Task goal >>
All lines from the one containing "Seamless embroidery design, intricate" through the end of the material below are to be printed exactly, both ends included, minus pictures.

Source data >>
======
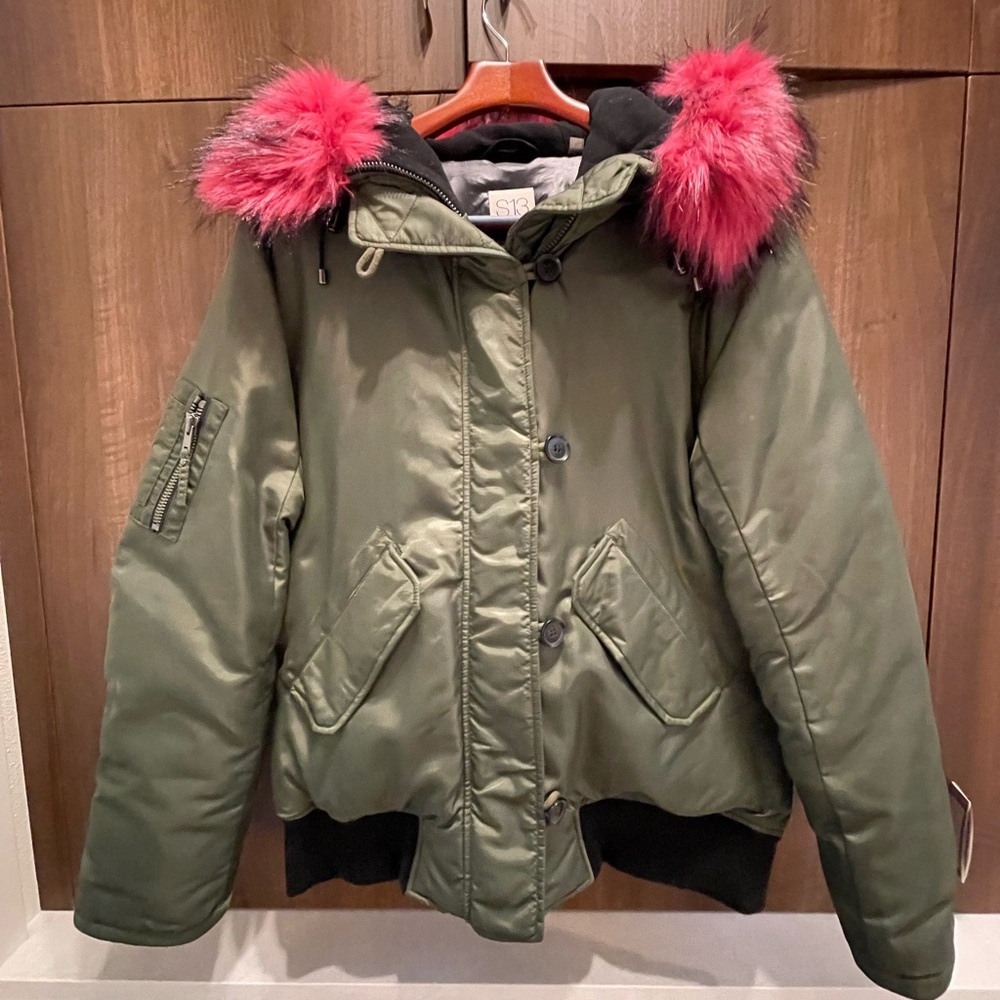 Army Green Satin Jacket with Pink Faux Fur Hood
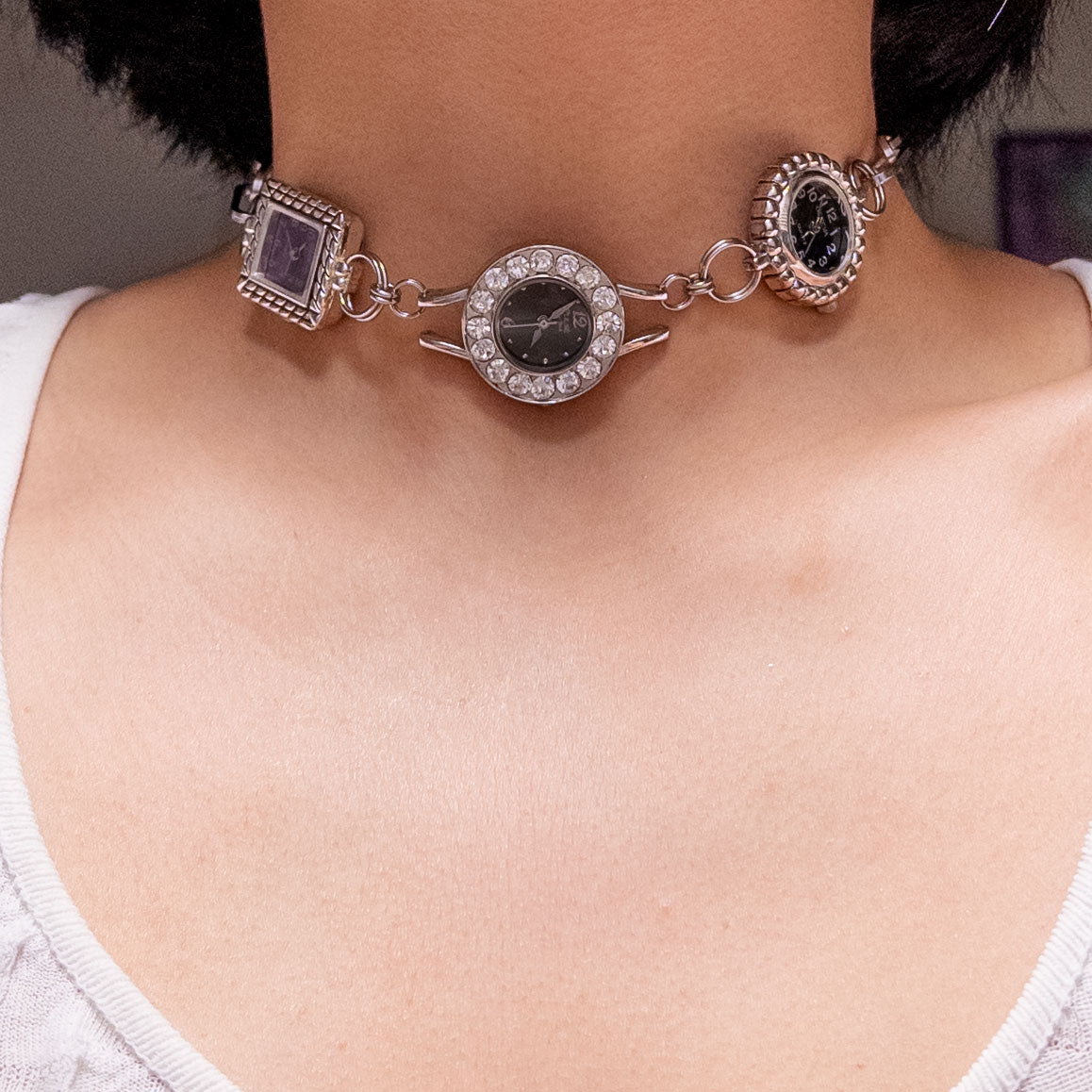 upcycled vintage 3 face watch choker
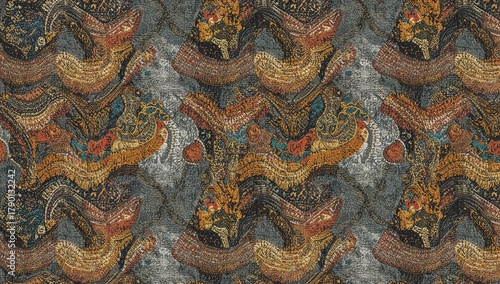 Seamless embroidery design, intricate fabric texture for crafting and design projects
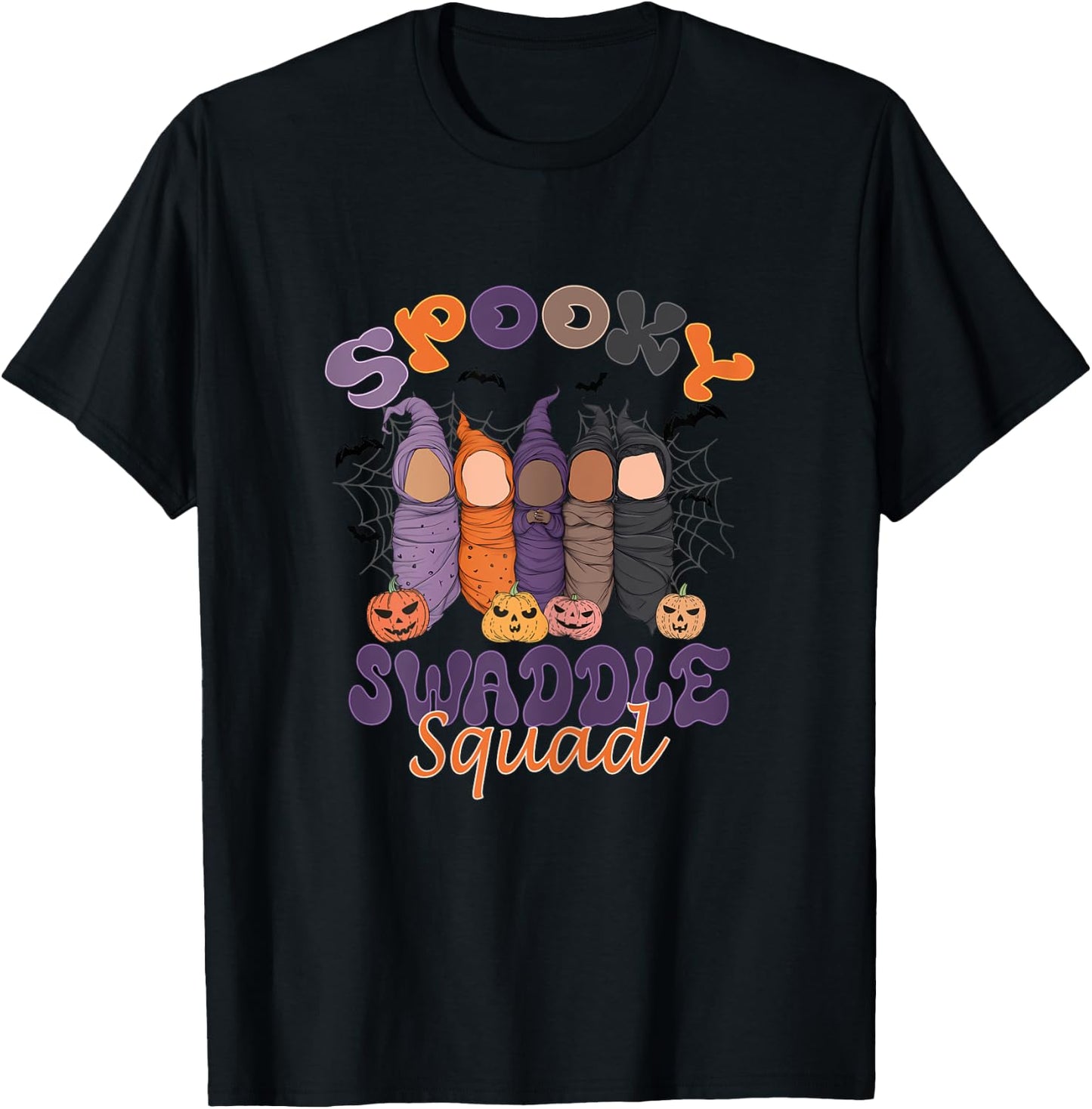 Spooky Swaddle Squad Mother Baby Nurse Halloween Nursery T-Shirt - T-Shirt | Black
======
Task output >>
 Seamless embroidery design, intricate fabric texture for crafting and design projects
 Spooky Swaddle Squad Mother Baby Nurse Halloween Nursery T-Shirt - T-Shirt | Black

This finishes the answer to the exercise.